• [Problem requirements]
Repeat exactly, and only, the lines below starting at the line that contains "海岸に打ち上げられた懐中電灯" and ending at the line that contains "Ferienwohnung für 3", inclusive of both.

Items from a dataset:
=======

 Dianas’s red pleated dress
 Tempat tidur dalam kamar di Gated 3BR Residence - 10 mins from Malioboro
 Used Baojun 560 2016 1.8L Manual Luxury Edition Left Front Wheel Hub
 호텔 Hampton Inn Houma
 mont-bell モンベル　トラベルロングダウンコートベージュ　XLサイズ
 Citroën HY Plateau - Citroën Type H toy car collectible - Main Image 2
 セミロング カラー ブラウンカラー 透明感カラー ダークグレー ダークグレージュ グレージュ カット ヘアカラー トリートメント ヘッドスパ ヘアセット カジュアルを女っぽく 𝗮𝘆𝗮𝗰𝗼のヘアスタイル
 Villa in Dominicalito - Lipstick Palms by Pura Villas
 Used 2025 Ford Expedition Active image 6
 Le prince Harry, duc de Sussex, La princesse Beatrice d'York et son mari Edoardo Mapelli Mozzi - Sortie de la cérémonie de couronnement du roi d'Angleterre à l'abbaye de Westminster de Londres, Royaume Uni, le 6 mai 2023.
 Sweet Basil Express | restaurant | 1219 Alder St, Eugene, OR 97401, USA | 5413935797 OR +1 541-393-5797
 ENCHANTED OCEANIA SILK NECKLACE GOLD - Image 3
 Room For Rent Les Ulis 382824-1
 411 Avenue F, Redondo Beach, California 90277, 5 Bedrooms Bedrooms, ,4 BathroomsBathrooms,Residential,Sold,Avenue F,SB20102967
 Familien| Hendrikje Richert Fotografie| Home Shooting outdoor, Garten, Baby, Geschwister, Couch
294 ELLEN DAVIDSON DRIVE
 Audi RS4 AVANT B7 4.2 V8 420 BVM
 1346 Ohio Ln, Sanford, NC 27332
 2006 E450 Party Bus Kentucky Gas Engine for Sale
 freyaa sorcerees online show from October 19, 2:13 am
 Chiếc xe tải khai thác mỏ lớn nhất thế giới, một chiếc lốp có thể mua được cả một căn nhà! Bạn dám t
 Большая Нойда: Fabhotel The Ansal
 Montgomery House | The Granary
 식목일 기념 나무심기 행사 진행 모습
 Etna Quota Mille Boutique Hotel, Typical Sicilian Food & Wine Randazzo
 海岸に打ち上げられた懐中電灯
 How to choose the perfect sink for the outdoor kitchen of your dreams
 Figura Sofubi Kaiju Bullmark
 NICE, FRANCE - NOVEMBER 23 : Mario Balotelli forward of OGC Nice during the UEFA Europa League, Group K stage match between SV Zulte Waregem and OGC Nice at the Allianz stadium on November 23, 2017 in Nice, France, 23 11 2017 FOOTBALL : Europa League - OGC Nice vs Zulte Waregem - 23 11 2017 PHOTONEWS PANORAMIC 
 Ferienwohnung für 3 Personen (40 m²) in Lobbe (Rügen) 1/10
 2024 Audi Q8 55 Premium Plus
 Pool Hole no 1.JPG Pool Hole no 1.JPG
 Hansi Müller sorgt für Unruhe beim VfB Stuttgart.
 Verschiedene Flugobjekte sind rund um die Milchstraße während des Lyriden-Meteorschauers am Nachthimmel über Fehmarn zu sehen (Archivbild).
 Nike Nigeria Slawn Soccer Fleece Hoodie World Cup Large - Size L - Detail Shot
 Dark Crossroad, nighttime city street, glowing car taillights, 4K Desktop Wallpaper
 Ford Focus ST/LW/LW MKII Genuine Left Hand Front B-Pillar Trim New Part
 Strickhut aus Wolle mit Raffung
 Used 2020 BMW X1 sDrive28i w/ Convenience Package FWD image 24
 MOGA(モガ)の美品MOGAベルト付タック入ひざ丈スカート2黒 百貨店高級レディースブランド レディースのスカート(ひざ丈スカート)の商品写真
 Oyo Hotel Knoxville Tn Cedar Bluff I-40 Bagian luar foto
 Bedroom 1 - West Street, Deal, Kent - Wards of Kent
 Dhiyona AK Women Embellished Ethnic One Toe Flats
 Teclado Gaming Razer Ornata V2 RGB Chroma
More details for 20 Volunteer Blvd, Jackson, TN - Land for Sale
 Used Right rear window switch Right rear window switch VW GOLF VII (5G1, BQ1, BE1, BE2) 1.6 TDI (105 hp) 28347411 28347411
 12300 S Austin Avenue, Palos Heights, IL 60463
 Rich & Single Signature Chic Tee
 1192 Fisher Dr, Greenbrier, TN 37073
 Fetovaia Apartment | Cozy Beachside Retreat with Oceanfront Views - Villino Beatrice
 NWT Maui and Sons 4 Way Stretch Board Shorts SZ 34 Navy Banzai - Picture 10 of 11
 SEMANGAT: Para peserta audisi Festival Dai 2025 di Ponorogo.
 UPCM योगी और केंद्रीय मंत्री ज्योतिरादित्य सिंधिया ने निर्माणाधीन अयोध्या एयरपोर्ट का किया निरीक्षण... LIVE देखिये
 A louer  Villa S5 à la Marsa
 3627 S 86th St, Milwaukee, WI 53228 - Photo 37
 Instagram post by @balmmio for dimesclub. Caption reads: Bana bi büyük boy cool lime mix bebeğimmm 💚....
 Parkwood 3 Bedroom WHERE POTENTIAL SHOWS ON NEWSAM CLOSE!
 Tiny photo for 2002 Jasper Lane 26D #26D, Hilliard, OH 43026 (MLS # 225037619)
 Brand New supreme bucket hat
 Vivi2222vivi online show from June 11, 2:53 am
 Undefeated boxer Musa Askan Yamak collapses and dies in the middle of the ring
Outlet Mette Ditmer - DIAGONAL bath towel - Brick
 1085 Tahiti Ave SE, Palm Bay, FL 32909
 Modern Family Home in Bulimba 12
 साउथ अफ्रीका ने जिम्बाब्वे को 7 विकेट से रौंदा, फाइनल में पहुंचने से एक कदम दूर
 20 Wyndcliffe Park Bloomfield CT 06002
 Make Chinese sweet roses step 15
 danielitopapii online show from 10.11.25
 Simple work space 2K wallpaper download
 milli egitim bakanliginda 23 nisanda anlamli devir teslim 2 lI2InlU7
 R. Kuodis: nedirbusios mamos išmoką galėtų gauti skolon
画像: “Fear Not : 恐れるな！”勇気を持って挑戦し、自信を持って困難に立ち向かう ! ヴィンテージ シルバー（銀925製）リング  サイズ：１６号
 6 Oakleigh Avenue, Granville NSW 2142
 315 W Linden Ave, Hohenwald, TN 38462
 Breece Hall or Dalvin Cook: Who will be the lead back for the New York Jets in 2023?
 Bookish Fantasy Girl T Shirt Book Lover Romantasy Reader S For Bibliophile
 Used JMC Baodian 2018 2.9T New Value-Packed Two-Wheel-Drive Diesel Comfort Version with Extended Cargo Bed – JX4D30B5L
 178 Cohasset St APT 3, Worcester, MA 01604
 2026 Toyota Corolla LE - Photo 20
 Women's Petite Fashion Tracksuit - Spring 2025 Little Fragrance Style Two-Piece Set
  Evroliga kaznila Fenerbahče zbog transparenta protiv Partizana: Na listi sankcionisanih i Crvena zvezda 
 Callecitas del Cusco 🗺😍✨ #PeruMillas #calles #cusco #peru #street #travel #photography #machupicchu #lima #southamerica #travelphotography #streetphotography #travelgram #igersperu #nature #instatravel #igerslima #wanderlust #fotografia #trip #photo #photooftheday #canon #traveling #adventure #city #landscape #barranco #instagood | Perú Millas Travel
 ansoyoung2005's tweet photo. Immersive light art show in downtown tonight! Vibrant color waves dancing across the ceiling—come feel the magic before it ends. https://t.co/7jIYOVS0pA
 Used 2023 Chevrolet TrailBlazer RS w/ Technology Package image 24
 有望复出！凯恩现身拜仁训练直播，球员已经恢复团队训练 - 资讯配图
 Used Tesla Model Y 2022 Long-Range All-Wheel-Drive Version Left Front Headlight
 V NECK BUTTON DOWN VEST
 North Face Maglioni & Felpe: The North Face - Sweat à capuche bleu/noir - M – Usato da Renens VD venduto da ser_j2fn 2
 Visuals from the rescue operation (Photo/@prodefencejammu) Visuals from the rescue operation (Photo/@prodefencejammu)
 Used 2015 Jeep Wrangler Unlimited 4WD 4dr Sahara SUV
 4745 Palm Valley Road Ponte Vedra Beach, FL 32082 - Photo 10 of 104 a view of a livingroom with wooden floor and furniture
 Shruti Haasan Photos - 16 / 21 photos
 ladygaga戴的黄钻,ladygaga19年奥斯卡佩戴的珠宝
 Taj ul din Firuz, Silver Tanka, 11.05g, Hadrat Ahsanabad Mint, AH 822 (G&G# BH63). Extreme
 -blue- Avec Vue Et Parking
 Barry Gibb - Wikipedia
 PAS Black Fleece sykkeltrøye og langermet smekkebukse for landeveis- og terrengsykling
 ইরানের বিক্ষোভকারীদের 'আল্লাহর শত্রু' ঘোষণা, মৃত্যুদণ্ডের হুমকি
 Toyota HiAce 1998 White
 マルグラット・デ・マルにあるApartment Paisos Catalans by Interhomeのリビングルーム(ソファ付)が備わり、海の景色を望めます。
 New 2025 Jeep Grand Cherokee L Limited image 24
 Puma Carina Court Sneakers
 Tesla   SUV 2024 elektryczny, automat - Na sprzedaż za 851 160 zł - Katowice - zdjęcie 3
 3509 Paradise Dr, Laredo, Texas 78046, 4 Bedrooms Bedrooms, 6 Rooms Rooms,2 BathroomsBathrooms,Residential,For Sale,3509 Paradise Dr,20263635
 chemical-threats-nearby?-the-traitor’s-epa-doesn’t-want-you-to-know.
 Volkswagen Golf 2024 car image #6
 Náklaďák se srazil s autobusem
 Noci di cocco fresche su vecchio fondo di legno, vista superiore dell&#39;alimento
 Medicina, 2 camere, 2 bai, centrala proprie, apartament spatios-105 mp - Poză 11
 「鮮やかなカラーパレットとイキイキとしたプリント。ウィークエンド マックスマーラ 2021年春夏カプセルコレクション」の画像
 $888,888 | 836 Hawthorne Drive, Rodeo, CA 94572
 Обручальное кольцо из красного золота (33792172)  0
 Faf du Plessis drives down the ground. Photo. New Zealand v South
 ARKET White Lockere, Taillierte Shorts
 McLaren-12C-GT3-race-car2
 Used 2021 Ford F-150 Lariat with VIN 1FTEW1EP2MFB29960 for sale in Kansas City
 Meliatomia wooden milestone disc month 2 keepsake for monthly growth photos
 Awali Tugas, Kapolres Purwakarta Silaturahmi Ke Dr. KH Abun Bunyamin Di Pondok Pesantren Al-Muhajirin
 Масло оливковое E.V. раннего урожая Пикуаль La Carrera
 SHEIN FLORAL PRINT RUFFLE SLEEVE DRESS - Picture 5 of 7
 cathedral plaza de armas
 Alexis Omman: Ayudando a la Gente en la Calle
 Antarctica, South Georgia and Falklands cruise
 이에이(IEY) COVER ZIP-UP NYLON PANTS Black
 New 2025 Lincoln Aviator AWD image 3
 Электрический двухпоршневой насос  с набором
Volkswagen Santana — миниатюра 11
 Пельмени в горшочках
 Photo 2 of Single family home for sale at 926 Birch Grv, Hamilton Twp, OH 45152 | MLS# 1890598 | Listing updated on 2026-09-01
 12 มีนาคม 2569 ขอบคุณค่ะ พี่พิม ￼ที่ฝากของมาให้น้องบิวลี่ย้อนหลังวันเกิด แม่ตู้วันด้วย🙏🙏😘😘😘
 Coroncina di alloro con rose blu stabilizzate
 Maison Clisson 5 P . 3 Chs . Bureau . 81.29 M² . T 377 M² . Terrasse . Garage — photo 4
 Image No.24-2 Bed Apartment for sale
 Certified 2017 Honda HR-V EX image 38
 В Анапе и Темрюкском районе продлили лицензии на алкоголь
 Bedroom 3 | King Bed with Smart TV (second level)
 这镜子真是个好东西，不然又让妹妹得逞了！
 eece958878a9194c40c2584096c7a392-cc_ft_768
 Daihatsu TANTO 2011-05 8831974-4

=======

• [Response box]
 海岸に打ち上げられた懐中電灯
 How to choose the perfect sink for the outdoor kitchen of your dreams
 Figura Sofubi Kaiju Bullmark
 NICE, FRANCE - NOVEMBER 23 : Mario Balotelli forward of OGC Nice during the UEFA Europa League, Group K stage match between SV Zulte Waregem and OGC Nice at the Allianz stadium on November 23, 2017 in Nice, France, 23 11 2017 FOOTBALL : Europa League - OGC Nice vs Zulte Waregem - 23 11 2017 PHOTONEWS PANORAMIC 
 Ferienwohnung für 3 Personen (40 m²) in Lobbe (Rügen) 1/10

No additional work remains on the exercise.